ASAP (a systematic annotation package for community analysis of genomes) is a relational database and web interface developed to store, update and distribute genome sequence data and functional characterization ( https://asap.ahabs.wisc.edu/annotation/php/ASAP1.htm ). ASAP facilitates ongoing community annotation of genomes and tracking of information as genome projects move from preliminary data collection through post-sequencing functional analysis. The ASAP database includes multiple genome sequences at various stages of analysis, corresponding experimental data and access to collections of related genome resources. ASAP supports three levels of users: public viewers, annotators and curators. Public viewers can currently browse updated annotation information for Escherichia coli K-12 strain MG1655, genome-wide transcript profiles from more than 50 microarray experiments and an extensive collection of mutant strains and associated phenotypic data. Annotators worldwide are currently using ASAP to participate in a community annotation project for the Erwinia chrysanthemi strain 3937 genome.
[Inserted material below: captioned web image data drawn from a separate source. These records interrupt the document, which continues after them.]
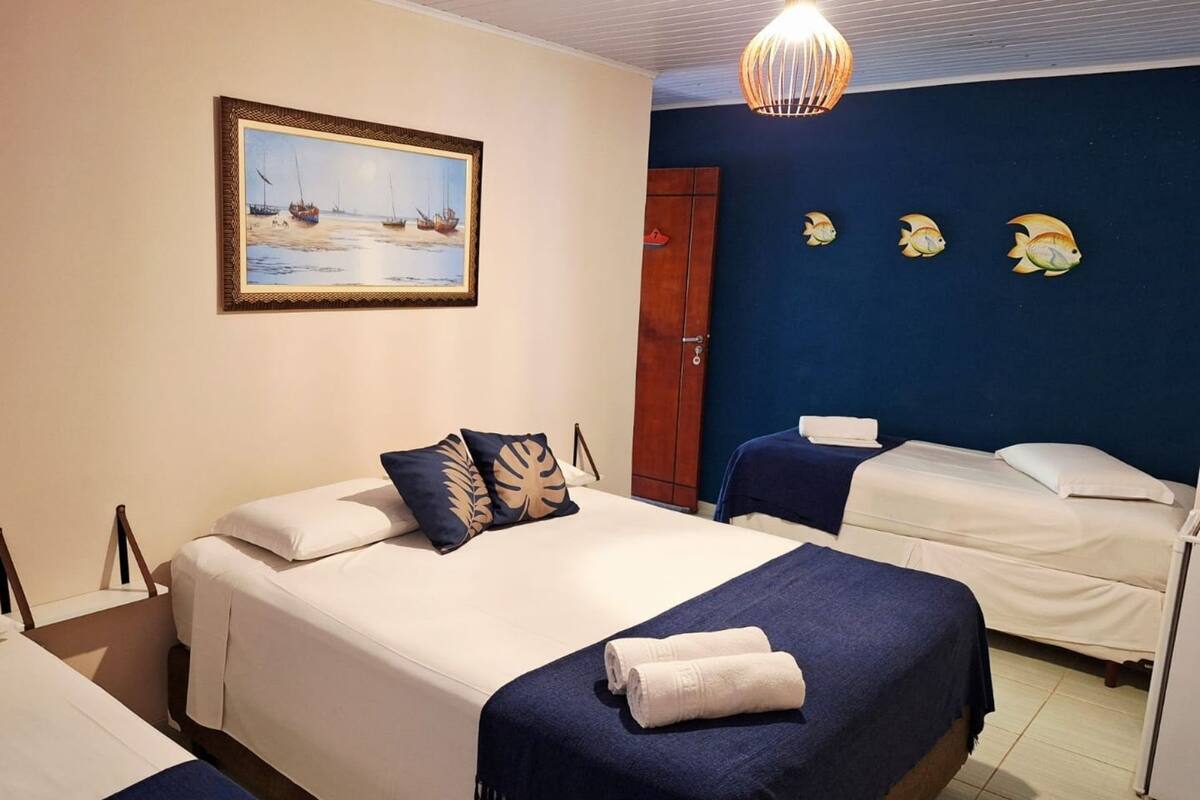 A hotel room with a bed, a smaller bed, a painting of boats on the wall, and a door.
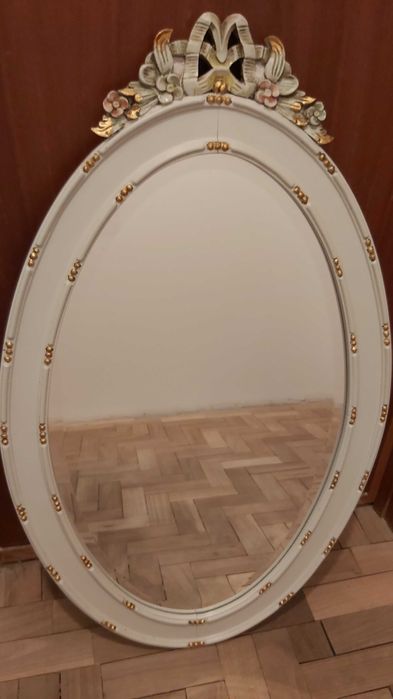 Espelho biselado com moldura de madeira com detalhes esculpidos.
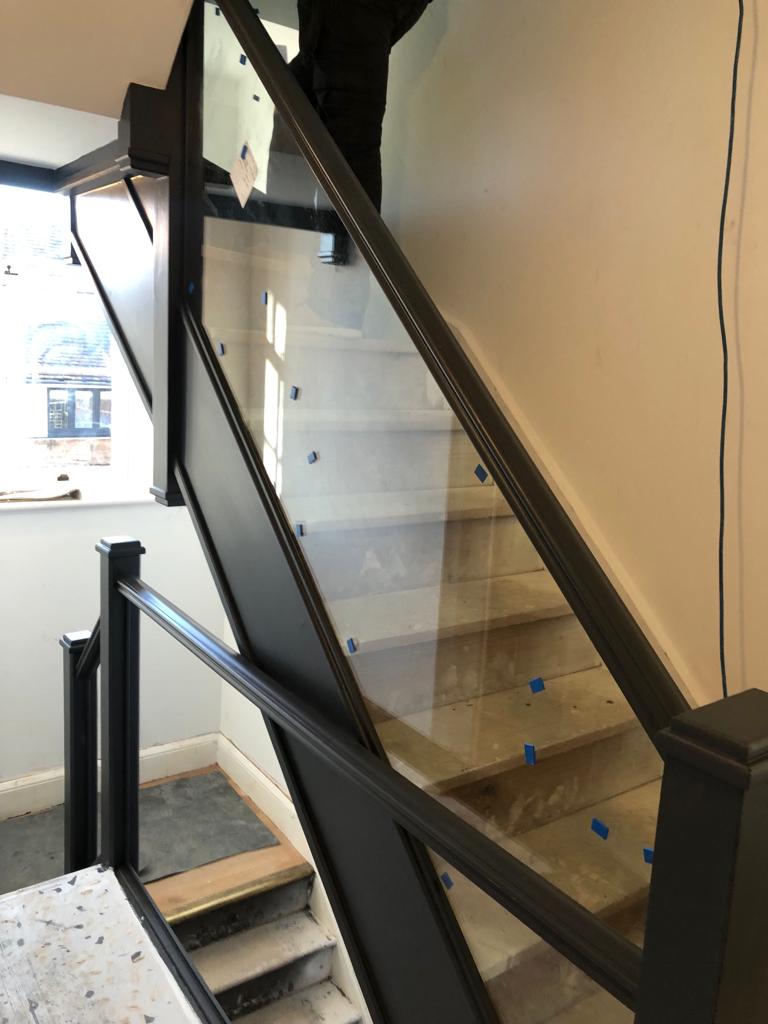 Glazed balustrade being installed as part of the extension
Curation of the E. chrysanthemi genome annotation as well as those of additional published enterobacterial genomes is underway and will be publicly accessible in the near future.
Received August 15, 2002; Revised and Accepted October 23, 2002
ASAP is designed to organize the data associated with a genome from the early stages of sequence annotation through genetic and biochemical characterization, providing a vehicle for ongoing updates of the annotation and a repository for genome-scale experimental data. Development was motivated by the need to more directly involve a greater community of researchers, with their collective expertise, in keeping the genome annotation current and to provide a synergistic link between up-to-date annotation and functional genomic data.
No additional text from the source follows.